Why do the land and ocean temperatures diverge?
Why should they be the same?
As Greg Goodman was (afaict) the first to point out, we’re dealing with anomalies here. All the temperatures were near their mean at around the same time. When they diverged from the mean, the temperatures over land diverged more than did the ocean temperatures.
The land surface mean temperature between 1901 and 2000 was 8.5 deg. C.
The sea surface mean temperature between 1901 and 2000 was 16.1 deg. C.
http://www.ncdc.noaa.gov/cmb-faq/anomalies.php
If you look at the monthly averages, the land is coolest in January with a mean temperature of 2.8 deg. C. It is warmest in July with a mean temperature of 14.3 deg. C. The difference is 11.5 deg. C.

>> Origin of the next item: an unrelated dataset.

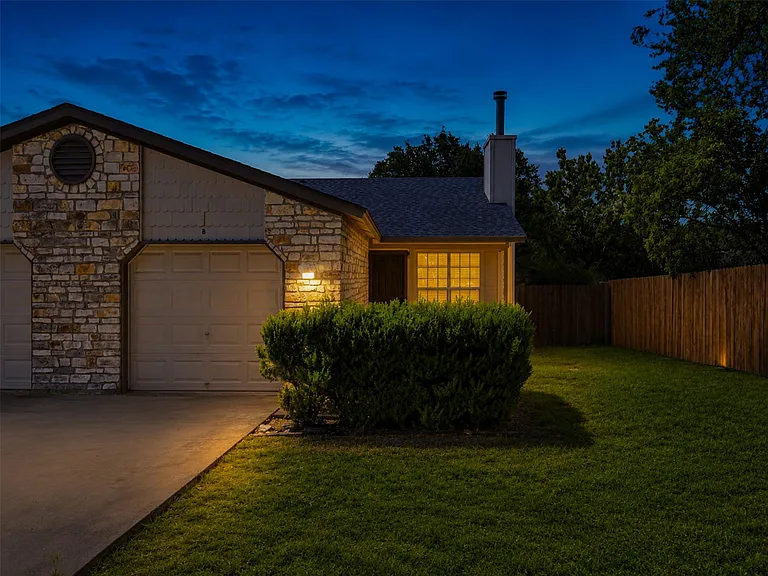 11611 Rustic Rock Dr #B — Photo 29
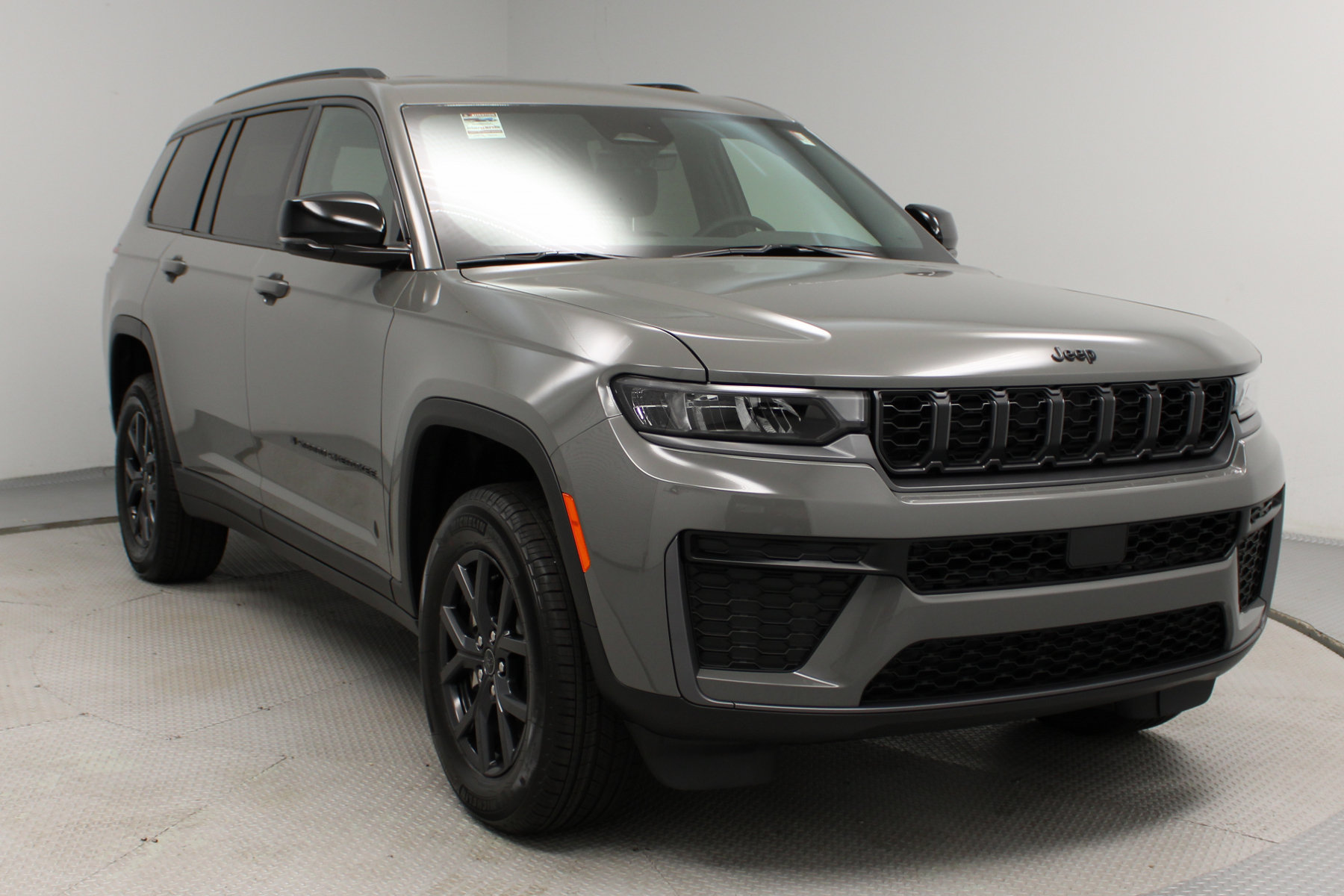 2027 Jeep Grand Cherokee L Altitude - Image 4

The ocean is coolest in December at 15.8 deg. C and warmest in July at 16.4 deg. C. The difference is 0.6 deg. C.
The temperature over land varies about 20 times as much (annually) as it does over the ocean.
markx: Thanks for the reply. If you don’t indicate that you’re presenting something tongue in cheek, others, like me, will take you seriously. And others, unlike me, may conclude that those estimate of absolute surface temperatures were in fact a problem.
Regards
markx says: “Hi Bob – don’t forget the XBTs used from the mid 60s….. (someone pulled me up on this one previously!)”
Thanks, you’re correct. The XBTs were used for determining ocean heat content prior to ARGO. And as a further clarification, they were not used to determine sea surface temperatures, as far as I know. That is, I’ve never seen XBTs mentioned in discussions of source data for sea surface temperatures.
Regards
Looks to me like the three land data sets (on visual examination) are still about the same shape as the lower sea surface temperatures except some how being vertically stretched, around 1977-1980 it appears an approximately linear .83 deg/decade addition was suddenly applied to the data. That segment from 1977-80 is vertically stretched with that increased slope. If you removed that additional factor those traces would conform fairly well with the sea surface traces below them.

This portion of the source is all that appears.